If you reduce systems down to their bare essentials, everything exists in those systems to manipulate data in memory, and like human beings, all that really exists for any of us is what is in memory. We can augment that memory with external storage that preserves state over time, but to do anything useful with that old state, you have to chew on it and bring it back into main memory for manipulation or analysis.
A year and a half ago, we told you about a startup called MemVerge that had created a kind of memory hypervisor, which it called Distributed Memory Objects, to take away the pain of using Intel’s Optane 3D XPoint memory in systems and therefore make it more useful and help with its adoption in the datacenter. A lot has happened since MemVerge uncloaked from stealth mode back in the spring of 2019, and one of those things is that “big memory” is now seen as not only desirable, but necessary, for an increasingly large number of applications in the datacenter.

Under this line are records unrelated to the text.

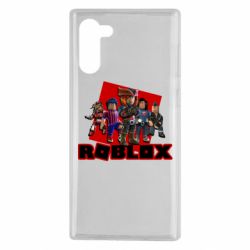 Чехол для Samsung Note 10 Roblox Team Of Heroes - PrintSalon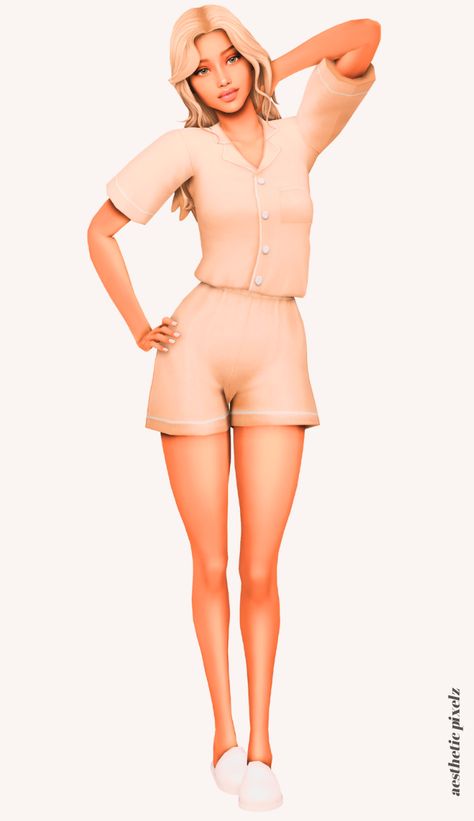 Best Sims 4 Pajamas CC Finds (Lookbook + Links to Download) - Aesthetic Pixelz Sims 4 Cc Silk Pajamas, Sims 4 Matching Pajamas Cc, Pyjamas Cc Sims 4, Maxis Match Pjs, Sims Pyjama Cc, Sims 4 Cc Maxis Match Pjs, Sims 4 Cc Female Pjs, Sims 4 Silk Pajamas, Sims 4 Work Out Cc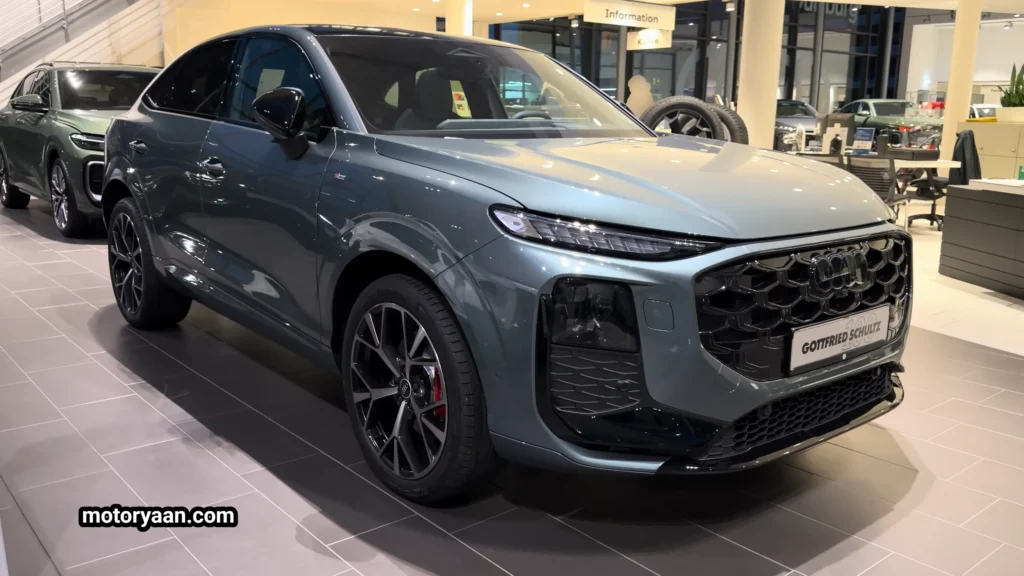 2026 Audi Q3 Sportback front and side profile showcasing sporty SUV stance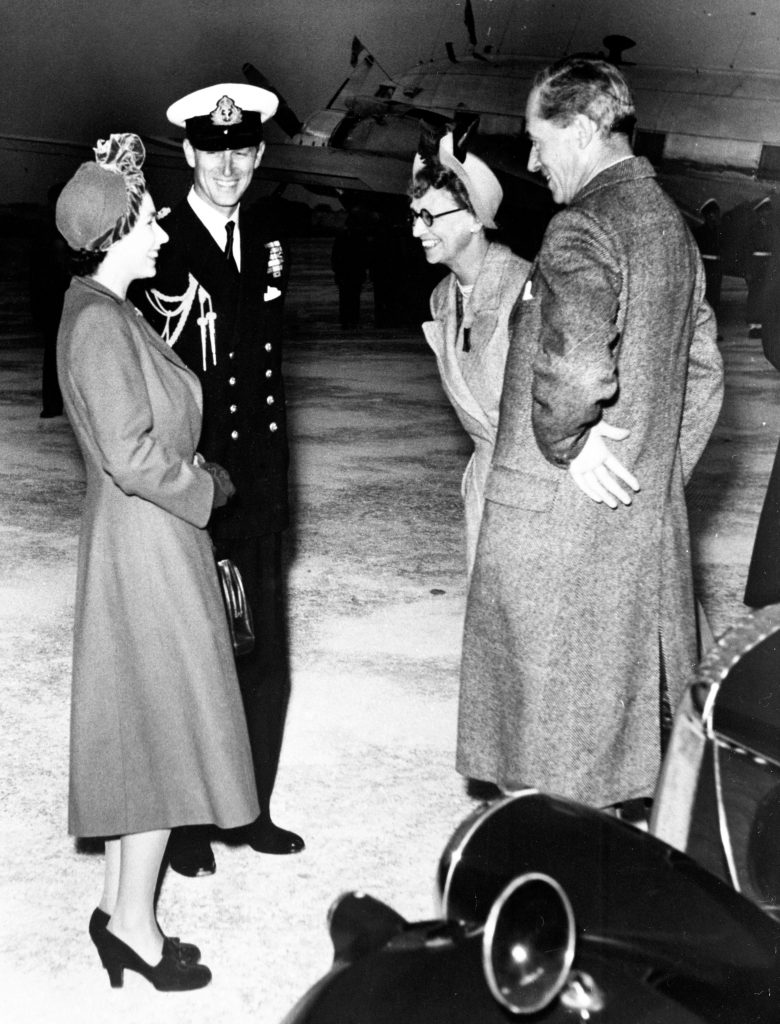 II. Erzsébet királynő és Fülöp herceg Maltán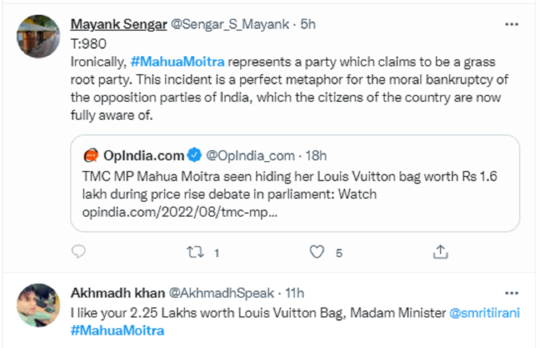 Did Mahua Moitra Hide Her Louis Vuitton Bag Worth Rs 1.6 Lakh in
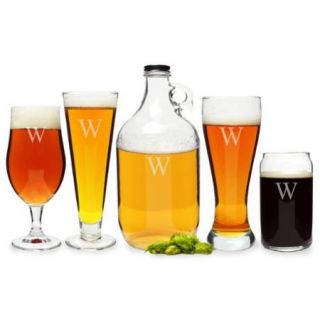 Personalized Craft Beer 5 piece Party Glassware Set B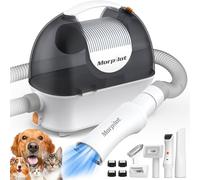 Morpilot Aspirateur Poil de Chien Professionnel, Tondeuse 12000Pa avec 3L Grand Bac à Poussière, 5 Outils de Toilettage pour Chats et Chiens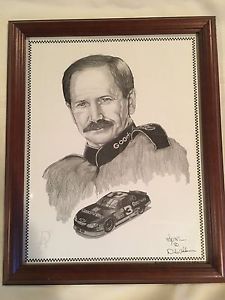 225x300 dale earnhardt print, pencil drawing - Dale Earnhardt Drawing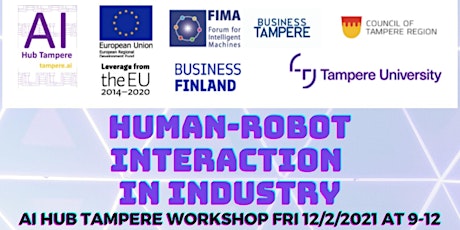 AI Hub Tampere Virtual Workshop: Human-Robot Interaction in Industry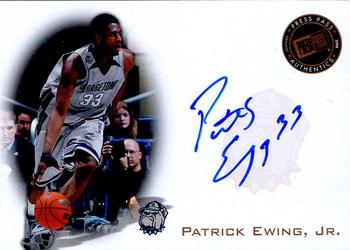 2008 Press Pass - Signings Bronze #PPS-PE Patrick Ewing Jr. Front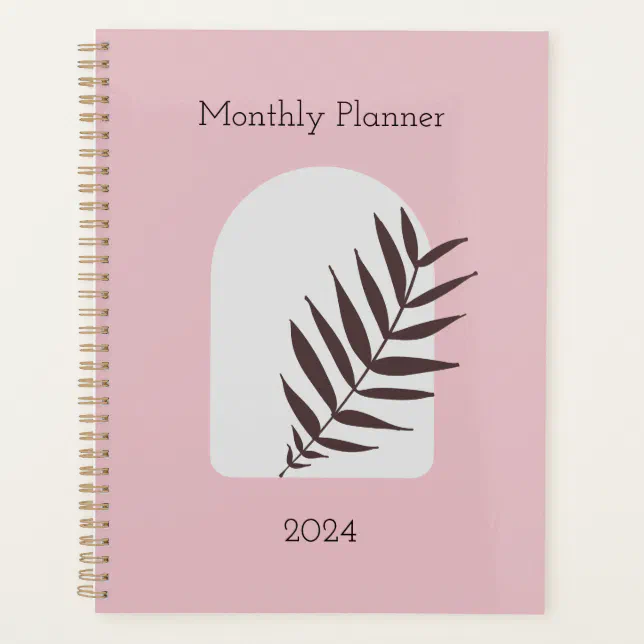 Simplified 2024 Monthly Planner and Calendar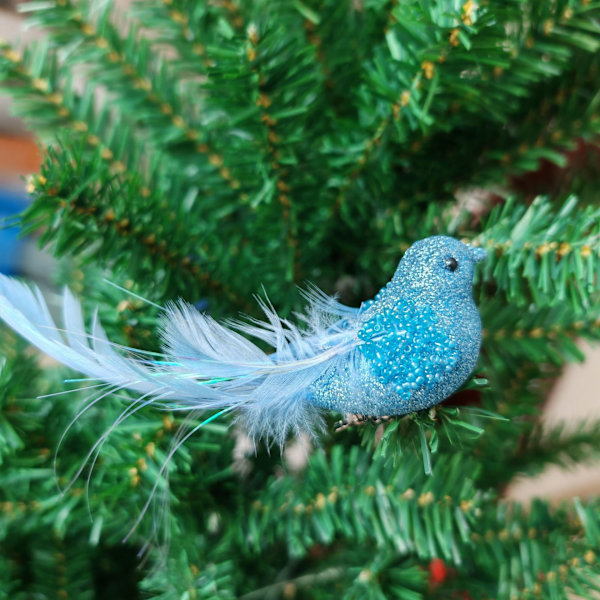 4 stk julepynt til å henge på juletreet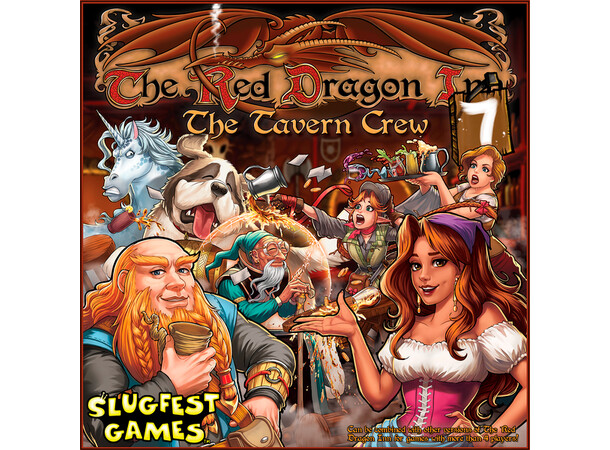 Red Dragon Inn 7 Tavern Crew Kortspel Frittstående Expansion Red Dragon Inn 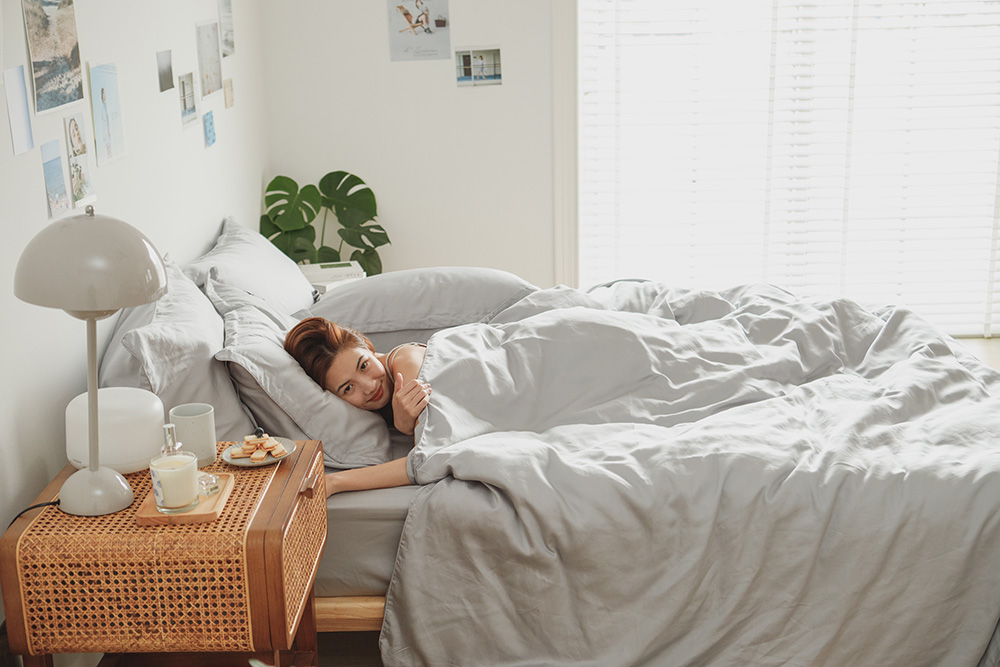 深灰雪松-天絲床包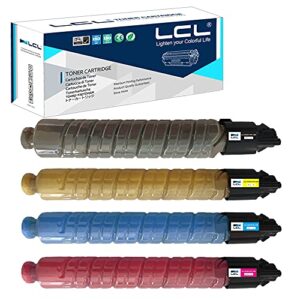 lcl compatible toner cartridge replacement for ricoh 842091 842092 842093 842094 mp c306 c307 c406 c407 high yield (4-pack kcmy)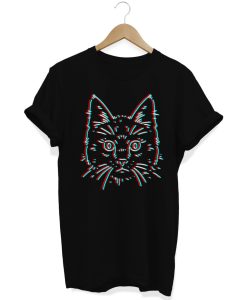 Trippy Cat T-shirt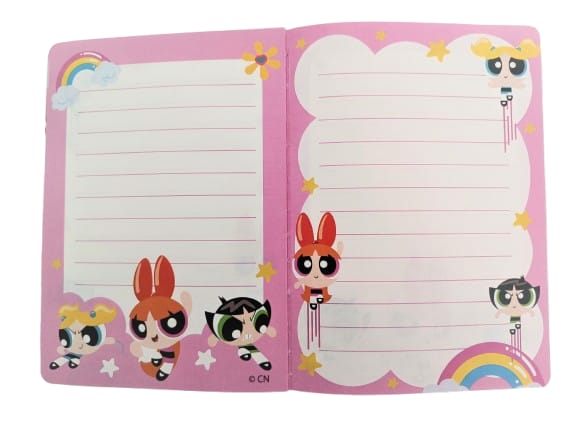 Libreta 3D Bombón - Las Chicas Superpoderosas (80 Pág.) 🩷✨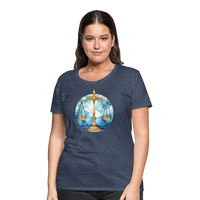 Thumbnail for Women’sMythical Libra Premium T-Shirt - heather blue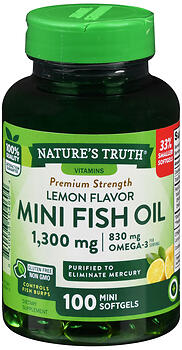 NT MINI FISH OIL LMN SFTGL 100
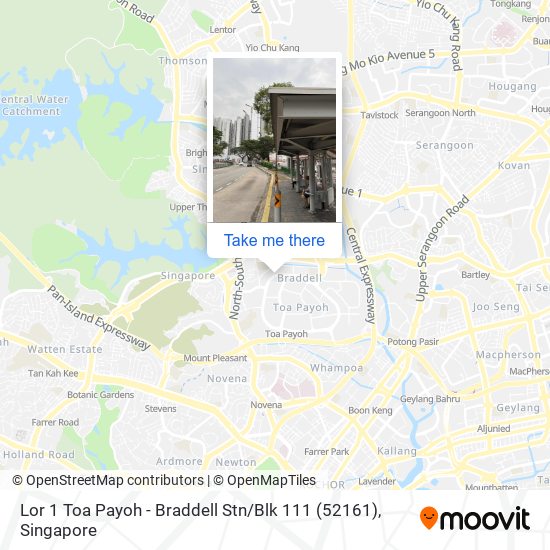 Lor 1 Toa Payoh - Braddell Stn / Blk 111 (52161) map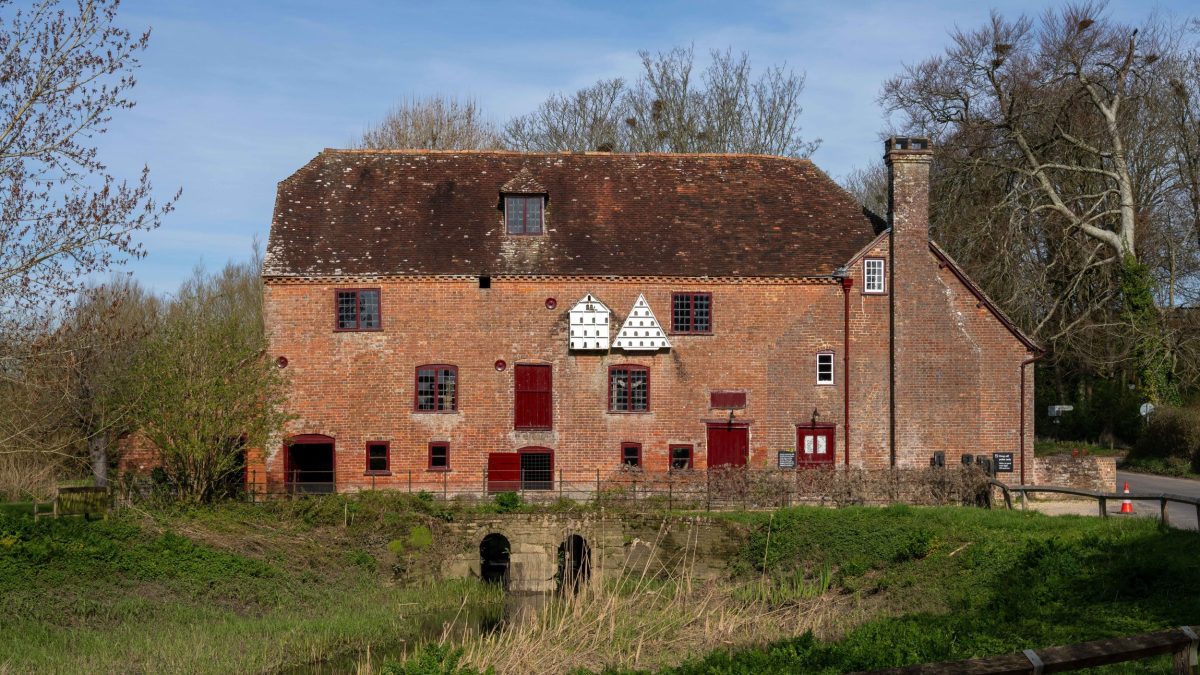Exterior view of White Mill National Trust property in Dorset
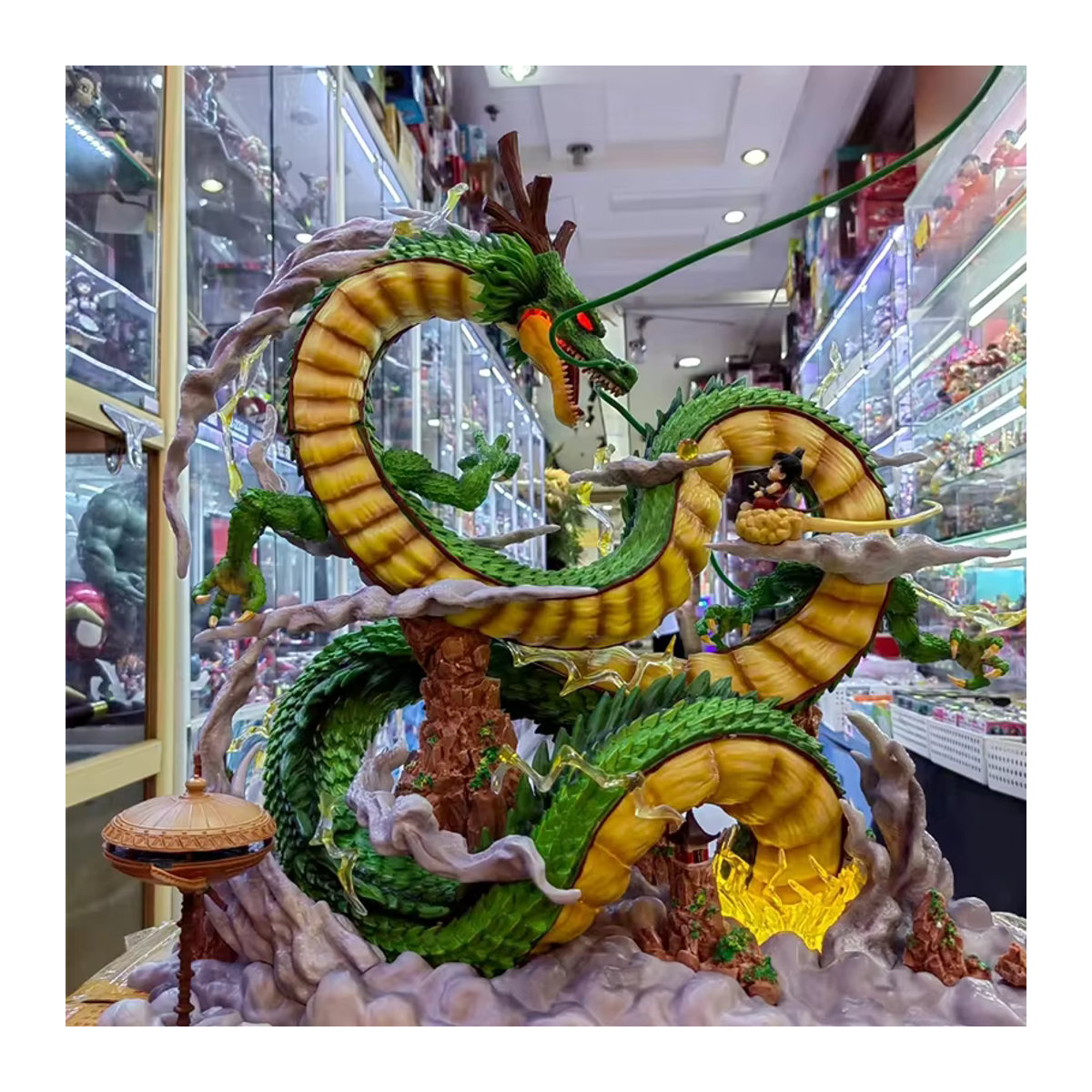 Bandai Dragon Ball Z Anime Figuren Set mit Shenron und Goku aus Kunststoff, mehrfarbig, Höhe: 50 cm - Bild 2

Which is why we believe that the era of big memory is now upon us, and that going forward there will be many different types of byte-addressable and often persistent memory that will bridge the gap between DRAM main memory and flash, which is becoming a replacement for disk drives for warm storage, pushing disks out to cold storage. There are all kinds of candidates for filling in the gap between DRAM and flash, with 3D XPoint from Intel and Micron Technology being the first out the door to be commercialized. We discussed these – conductive bridging RAM, ferroelectric RAM, phase change memory (PCM), polymer resistive RAM, polymer ferroelectric RAM, spin-transfer torque magnetic RAM, magnetoresistive RAM, metal oxide resistive RAM, carbon nanotube, and molecular memory – five years ago when 3D XPoint was first revealed by Intel and Micron, when many people (including us) were under the impression that 3D XPoint was a kind of resistive RAM but it turns out it might be a kind of PCM.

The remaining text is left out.